A second way of in-real-life steganography is making something like a musical cipher. In the construction of a musical cipher, a message is encoded into a song, a tune or a melody and then passed on to someone who can play it. The methods of encoding messages into music can get very compicated and be intertwined well with music theory. For instance, many ciphers based on different types of scales (like chromatic ciphers) can be used. I can spend an entire post discussing this subgenre of steganography, but I want to move on to other types of steganography.

There are also social types of steganography, which rely on one’s knowledge of an areas culture to decode messages. These types of steganography are used in areas where there are heavy restrictions (like gocvernment censorship) that force people to be creative when they write messages of an important nature. People may hide their true messages using things like pop culture references, specific patterns of capital letters, misspelling words in a message which are correctly spellled by checking pop culture ternds from a certain week, or even hiding pictures in messages.

When we move on to purely digital steganography, we have many other options. I, personally have seen steganogrqphy methods using images, audio files, and hiding things in network traffic. Images can be hidden within images, just like text, and there are some great open source tools to do that (like steghide and Hide-Image-In-Image. When it comes to hiding messages in audio, there are tools like Coagula that can do the job for you. Hiding things in network traffic is a lot harder. To do this, there has to be a great deal of requests going to a certain server.

Now, let me digress and pivot back to what you’re here for: LSB steganography.

II: What is LSB?

In computer science, the data that our computers produce, use, and share is all known as a series of smalll units of data called bits. A bit can be either a 1 or a 0; the circuit is either on or off. Going slightly higher, to where we will orient ourselves for the rest of the post, a byte is a series of eight bits.

A byte is read, often, from left to right, has two ends. The one that we start with at the front, the ‘0‘ bit, is the MSB (Most Significant Bit) and the eighth bit (bit ‘7’) at the end, is callled the Least Significant Bit.

This information is important for us as we move forward. Next I will describe how images work.

Image Fundamentals

When we look at images, we see a matrix of colors. A color has an array of three values from 0 to 255 if it’s on the RGB spectrum. These values cover the red, green and blue values that combine to make the color. An individual color, thus, looks like [130, 166, 202]. The RGB value of each element of the array (color channel) goes up or down depending on how close the color is to black [0, 0, 0] or white [255,255,255]. If we have a 3x3 matrix of pixels (picture elements) it may look like this:

([222, 108, 33], [133, 9, 65], [95, 222, 183])
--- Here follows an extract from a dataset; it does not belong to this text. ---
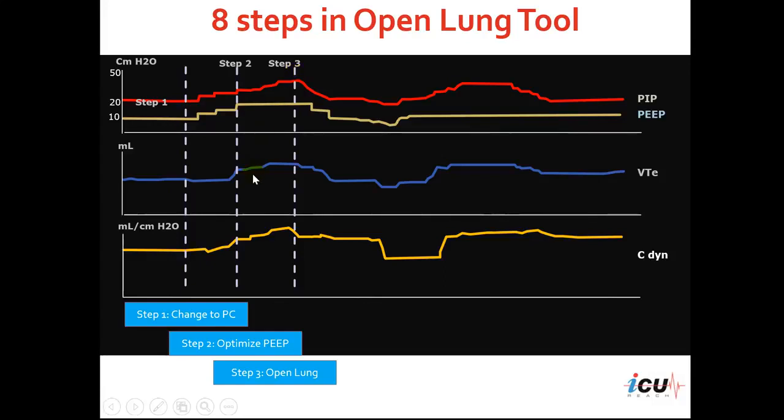Once we do this, the tidal volume may increase and the compliance may increase. But in some patients, you may notice a decrease in compliance at the end of this maneuver. This will be because of the over-extension of the lung with this pressure moving the pressure-volume curve to the right, and that would be associated with lower compliance.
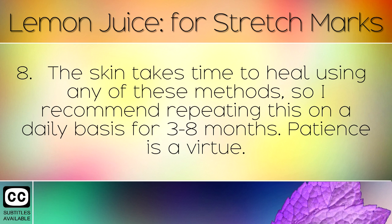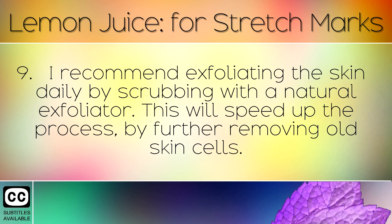The skin takes time to heal using any of these methods, so I recommend using this on a daily basis for 3 to 8 months. Patience is a virtue. I also recommend exfoliating the skin daily by scrubbing with a natural exfoliator. This will speed up the process by further removing old skin cells.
([122, 83, 96], [123, 165, 88], [65,177, 208])

([189, 33, 198], [84. 103, 165], [66, 33, 108])

The RGB matrix of our image is read by the computer in binary. A single pixel can take a form similar to the following array [11011110,01101100,00100001]which allows us to more easily proceed with our study of how we hide data in images. Each channel’s values can be easily manipulated.

The Study that Inspired This

The study that inspired this program was summed up in a six-page paper that was written by four authors They implemented a process that sought to create a secure steganographic technique that hid the data efficiently. A secure technique is defined as one that does not leave obvious traces of the data being hidden in them. This can look like subtle distortions in color or obvious missing colors. The following image shows an example of an image that obviously had steganography performed on it.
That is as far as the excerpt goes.